How to Stencil Easter Eggs

How to Stencil Easter Eggs

I attempted to make some Easter decorations with plastic stencil negatives and positives with an array of results. All stencils in this post can be found at Stencil Stop.

Starting out, we used painter’s tape for the back of the stencil negatives.

Painted Easter Eggs - Stencil Stop

Then, we painted the eggs with a food grade Wilton color mist spray. I had these leftover from stenciling cookies a while back. I put the cap from the spray under the egg to give it a slight lift so it wouldn’t roll around when I sprayed it.

Easter Egg #1 from Colin Mitchell on Vimeo.

Painted Easter Eggs - Stencil Stop

Taping the back of the negatives took a while, so we traced some vinyl with the stencils (the whole thing, not the negatives) and cut them out so we could stick them directly onto the egg surface. This was a much faster and better process.

Painted Easter Eggs - Stencil Stop
As you can see, we basically now have a sticker that can be used instead of the stencil negative.

Painted Easter Eggs - Stencil Stop
Some of these worked better than others. Some designs we able to lay right down on the eggs while some had too much surface area to lay down properly.

Here’s a tip: the food spray never really dries. It’s not like normal spray paint. I only used it because it was what I had laying around. If I have normal spray paint, I would have waited the recommended drying time. For these eggs, I had to avoid touching the sprayed areas while peeling off the negatives and the vinyl.
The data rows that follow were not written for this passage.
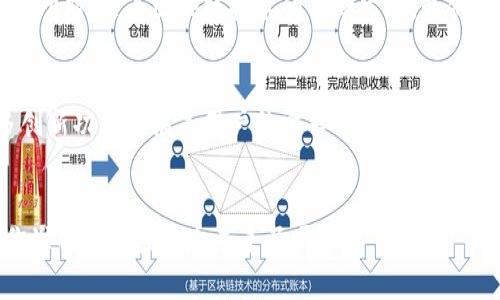    用imToken钱包快捷实现自动转账：钱包管理新趋势  / 
 guanjianci  imToken, 自动转账, 数字资产管理, 区块链  /guanjianci 

引言
随着数字货币的日益普及，越来越多的人开始关注如何高效、便捷地管理自己的数字资产。而emimToken/em作为一种广受欢迎的数字钱包，凭借其用户友好的界面和丰富的功能，赢得了广大用户的青睐。那么，strong如何在imToken钱包中实现自动转账呢？/strong这一问题引发了许多用户的关注...

imToken钱包概述
在深入探讨自动转账之前，我们先简单了解一下emimToken/em钱包。imToken是国内外广泛使用的数字资产钱包，它支持多种区块链资产，包括以太坊、比特币等主流币种。这个钱包的设计初衷是为了增强用户对数字资产的管理能力，帮助用户更安全、便捷地进行交易...

为什么选择自动转账？
那么，为什么要选择自动转账呢？随着加密货币市场的快速发展，很多用户在进行交易时面临时间、精力等多方面的挑战。有没有想过，如果有一项功能可以在你设定的条件下，自动完成转账，那将是多么有趣的事情？...

imToken的自动转账功能
截至目前，imToken钱包本身并不直接支持“自动转账”的功能，但通过一些链接和技术手段，可以实现类似的效果。用户可以依赖智能合约或使用API来完成自动化操作。我们将逐步介绍这些方法...

使用智能合约实现自动转账
智能合约是区块链技术的一项核心应用。它们允许用户在没有中介的情况下，设定特定的条件，自动执行合约条款。在imToken钱包的以太坊网络中，用户可以通过自定义智能合约实现转账功能...

创建智能合约的步骤
1. **学习Solidity**：如果你想创建一个简单的自动转账合约，首先要理解Solidity语言。Solidity是一种专门用于编写以太坊智能合约的编程语言...
2. **编写合约**：在Solidity中，你需要设定合约的条件，比如说转账的地址、金额、执行时间等...
3. **部署合约**：部署你的合约，并确保它在以太坊网络上运行...

使用API实现自动转账
除了智能合约，许多开发者也可以借助API进行更灵活的自动转账功能，比如通过emimToken/em的API来创建和管理账户...

第一个示例：通过Node.js调用API
codeconst axios = require('axios');/code - 使用Node.js，你可以通过HTTP调用imToken的API，以实现自动转账...

设定转账条件
在API中，你可以设定一次转账的频率、金额、接收地址等...

安全性考虑
在使用任何自动转账功能时，确保你的私钥安全是至关重要的。建议使用硬件钱包存储你的私钥，定期进行备份...

实用案例：如何利用自动转账功能进行投资管理
许多用户已经开始利用自动转账来管理投资组合。比如说，用户可以设定在每个月的某天定期向自己的投资账户转账一定数量的数字货币，以便进行长期投资...

总结
imToken钱包虽然不直接支持自动转账功能，但通过一些技术手段、智能合约或API的入门知识，用户仍然可以较为轻松地实现这一功能。随着区块链技术的不断发展，我们相信未来会有更多便捷的资产管理方法...

未来展望
随着数字货币市场的逐步成熟，自动化资产管理的需求也会日益增长。而imToken作为一款热门数字钱包，势必会在未来推出更多创新功能来满足用户的需求...

最后的思考
在这个充满变化的数字经济时代，像imToken这样的钱包，不仅仅是一个存储数字资产的工具，更是我们与未来科技连接的桥梁。你准备好迎接这个未来了吗？...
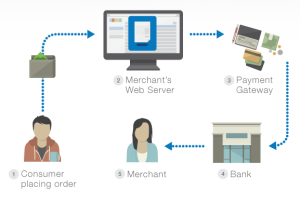 E Commerce Website Process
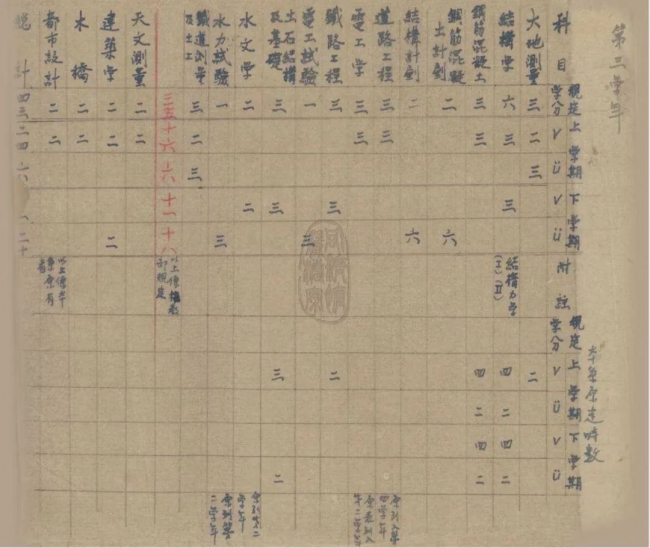 17该时期土木系课程表 17该时期土木系课程表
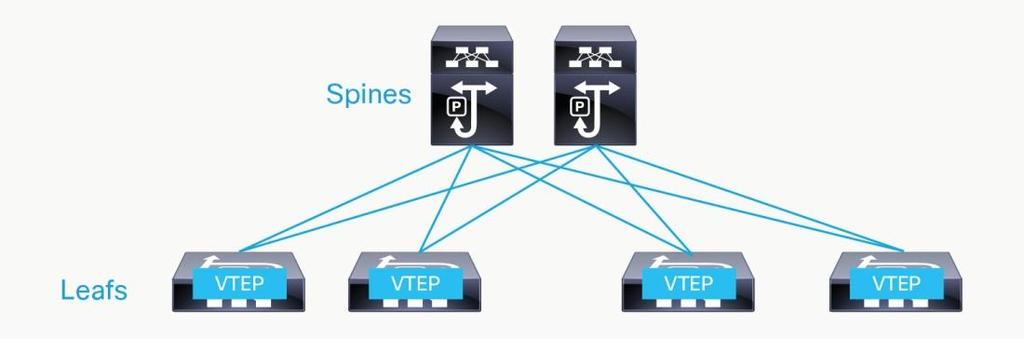 A VTEP has two interfaces: one on the local LAN segment, used to connect directly to end devices, and the other on the IP transport network, used to encapsulate Layer 2 frames into UDP packets and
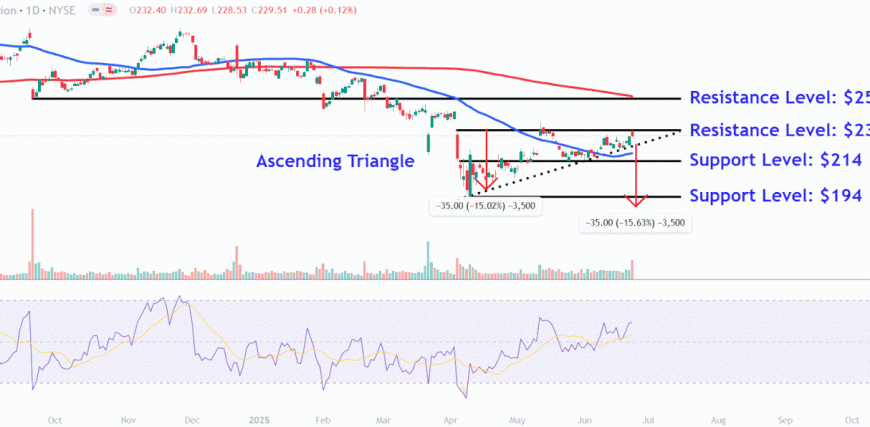 FDXChart-730aff7e91b6466684e1e752e353596c.gif
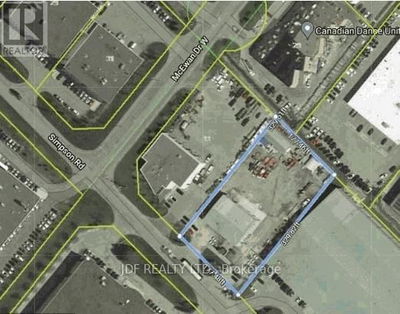 Industrial Properties for Sale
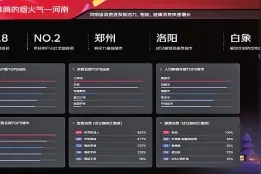 今年“618”，河南消费力全国第八图片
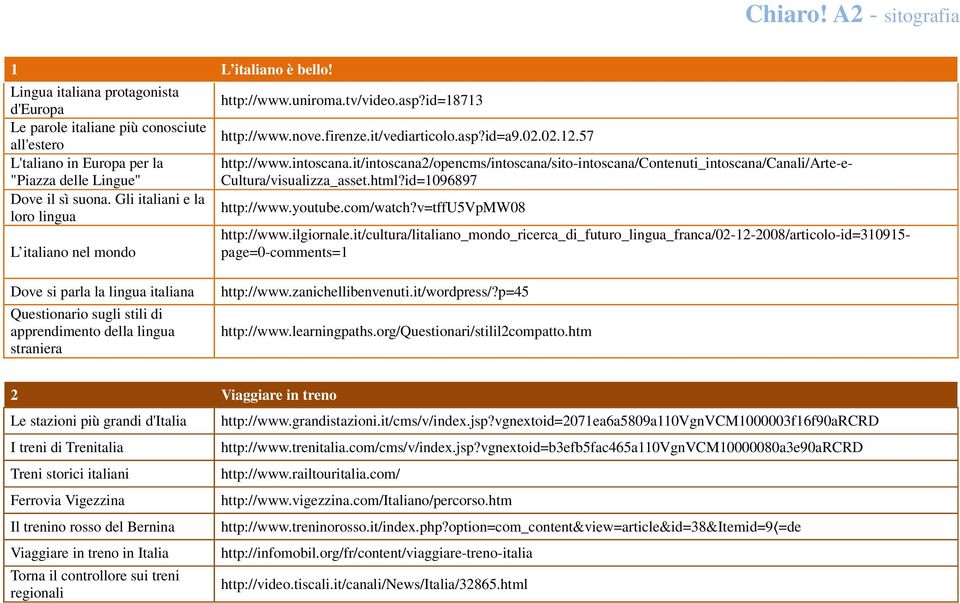 it/intoscana2/opencms/intoscana/sito-intoscana/contenuti_intoscana/canali/arte-e- Cultura/visualizza_asset.html?id=1096897 http://www.youtube.com/watch?v=tffu5vpmw08 http://www.ilgiornale.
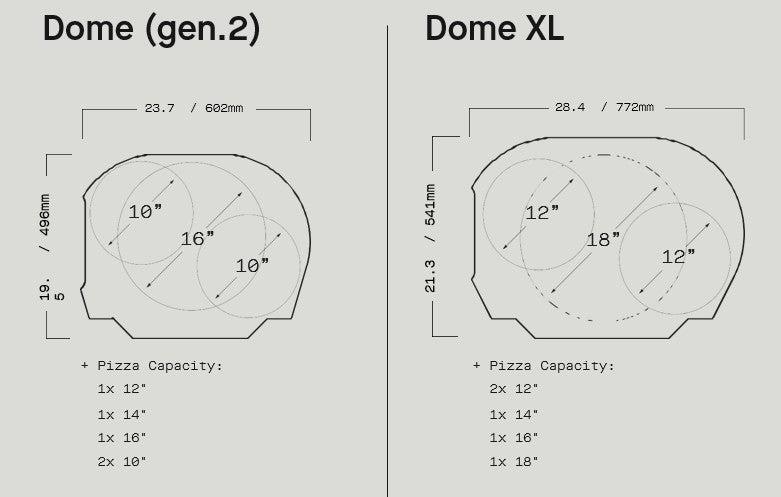 Gozney Dome XL Pizzaofen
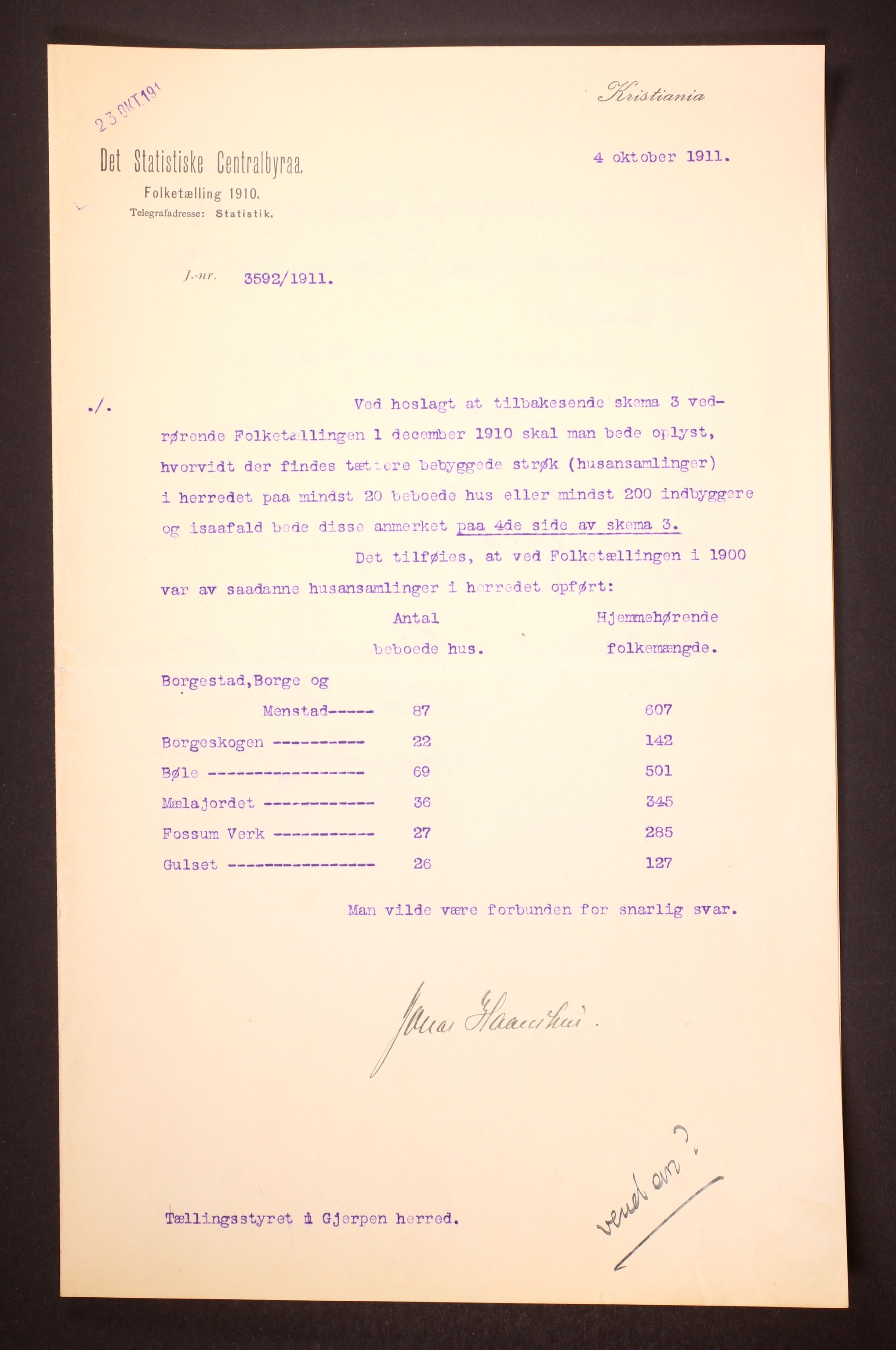 RA, 1910 census for Gjerpen, 1910, p. 59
After that, I sprayed the eggs a few times with Rust-O-Leum Crystal Clear Enamel (which defeated the purpose of the food grade color spray because now I can’t eat them if I wanted to, but oh well). This sealed up the spray a little bit so it wasn’t completely wet to the touch.

Painted Easter Eggs - Stencil Stop
Painted Easter Eggs - Stencil Stop

I got a few good-looking, displayable eggs out of this batch. It’s a trial and error process because some designs are more finicky than others. Keep scrolling to see the end results and the complete instructions.

Painted Easter Eggs - Stencil Stop

Painted Easter Eggs - Stencil Stop

How to Stencil Easter Eggs:

  1. Use stencils to create a sticker out of tape, vinyl, or other adhesive material.
  2. Place a negative onto the egg you want to stencil.
  3. Put the egg in a stable place where it won’t roll around.
  4. Lightly spray with paint or food grade color spray. For food grade spray, try to keep it as light a dusting as possible because it will bead up fairly easily.
  5. Wait for the egg to dry and remove the adhesive stencil negative.
  6. Finish with a gloss enamel or display as is.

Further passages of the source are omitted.